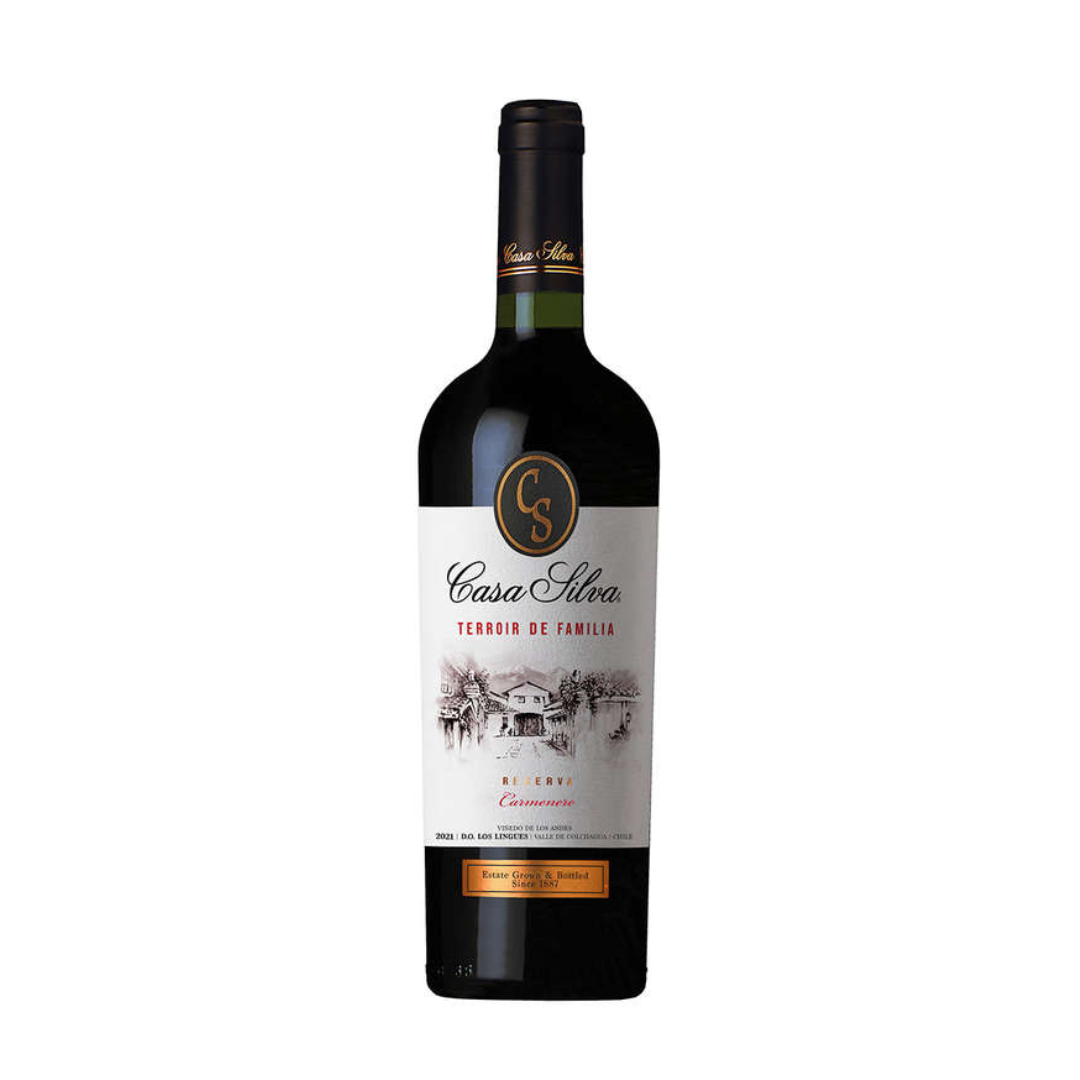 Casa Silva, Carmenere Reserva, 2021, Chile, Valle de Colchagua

== == ==

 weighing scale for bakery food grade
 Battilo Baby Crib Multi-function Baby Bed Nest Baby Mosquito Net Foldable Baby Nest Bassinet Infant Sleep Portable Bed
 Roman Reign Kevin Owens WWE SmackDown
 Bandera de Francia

== == ==

## Work task
From the listing above, the lines starting with the one that has "Battilo Baby Crib" and running through the one that has "Bandera de Francia" should be copied exactly, ends included.

## Task response
 Battilo Baby Crib Multi-function Baby Bed Nest Baby Mosquito Net Foldable Baby Nest Bassinet Infant Sleep Portable Bed
 Roman Reign Kevin Owens WWE SmackDown
 Bandera de Francia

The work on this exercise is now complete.